== Segment start ==

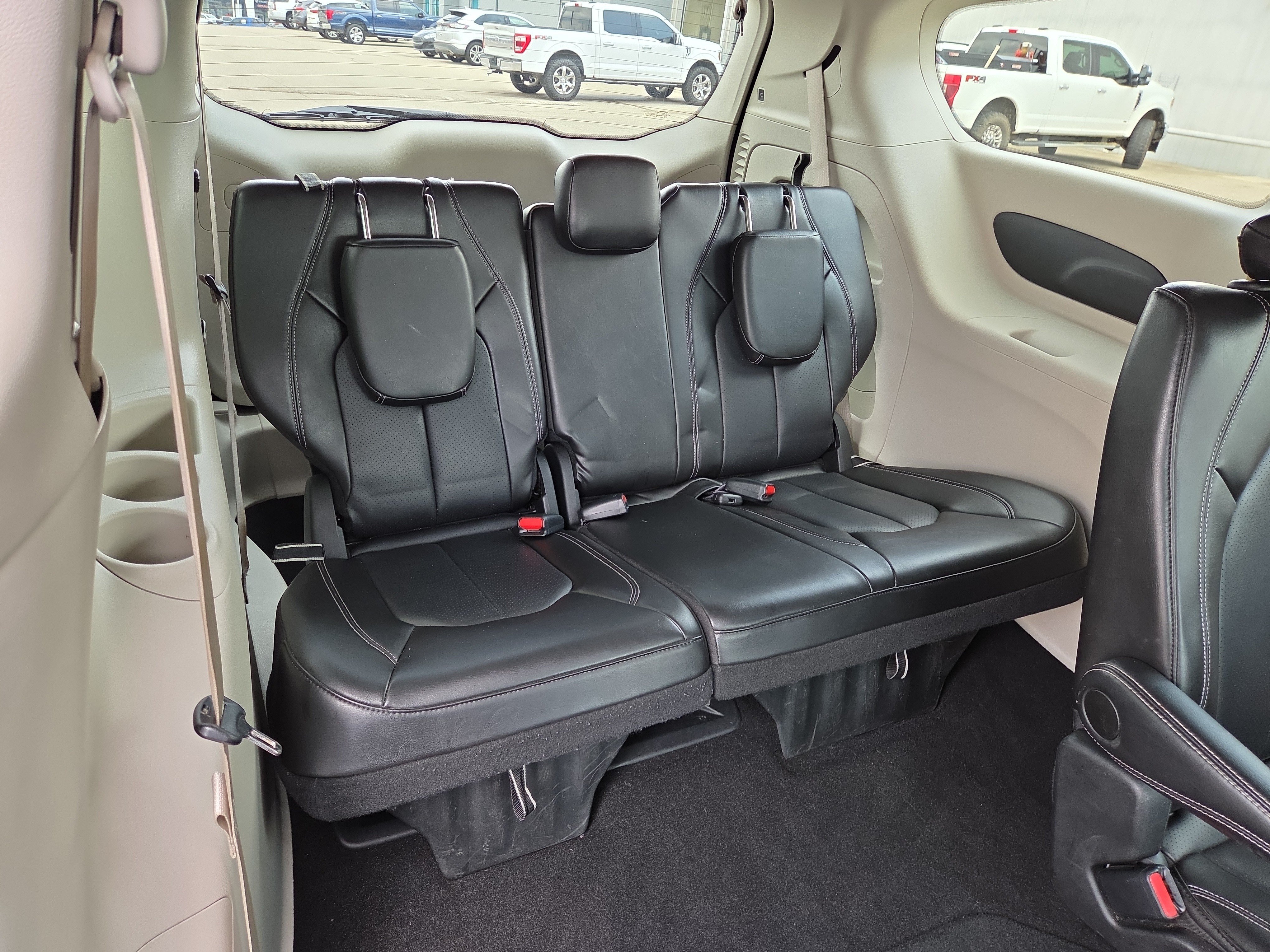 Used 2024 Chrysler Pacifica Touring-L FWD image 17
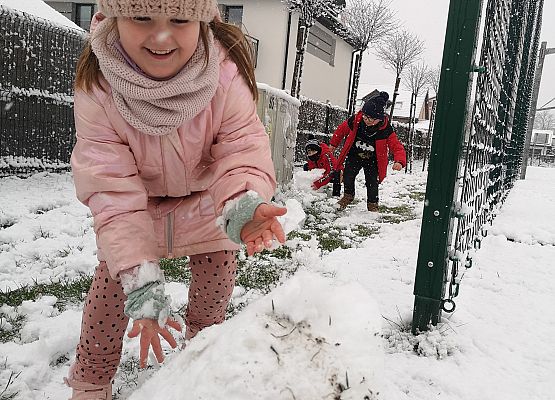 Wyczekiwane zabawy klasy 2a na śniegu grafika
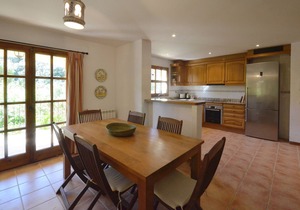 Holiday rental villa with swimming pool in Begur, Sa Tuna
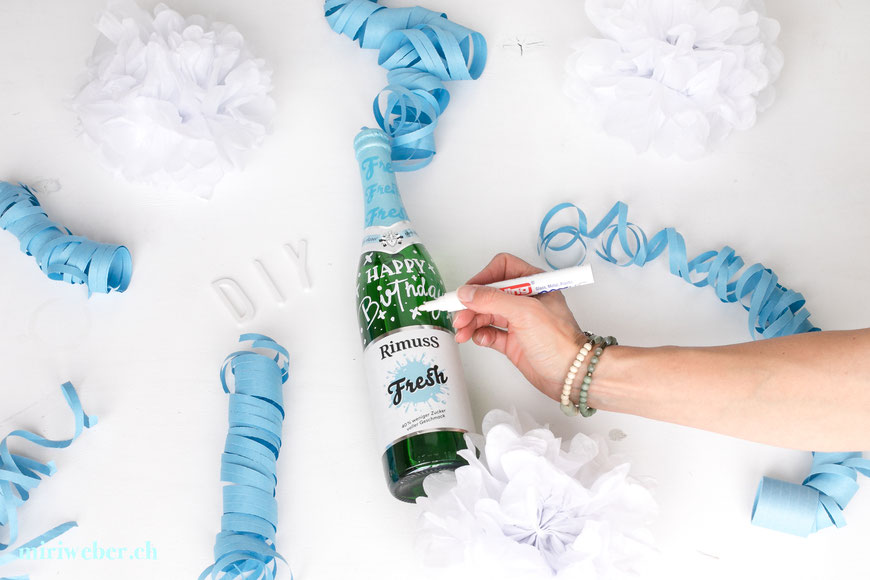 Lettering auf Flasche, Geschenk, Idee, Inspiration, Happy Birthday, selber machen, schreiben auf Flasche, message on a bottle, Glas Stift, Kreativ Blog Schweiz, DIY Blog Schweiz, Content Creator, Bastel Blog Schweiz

== Segment end ==

PROBLEM DESCRIPTION: Please copy, exactly and only, the lines of the listing that run from the one holding "Holiday rental villa" through its last line, and exclude pictures.

OUTPUT BELOW:
 Holiday rental villa with swimming pool in Begur, Sa Tuna
 Lettering auf Flasche, Geschenk, Idee, Inspiration, Happy Birthday, selber machen, schreiben auf Flasche, message on a bottle, Glas Stift, Kreativ Blog Schweiz, DIY Blog Schweiz, Content Creator, Bastel Blog Schweiz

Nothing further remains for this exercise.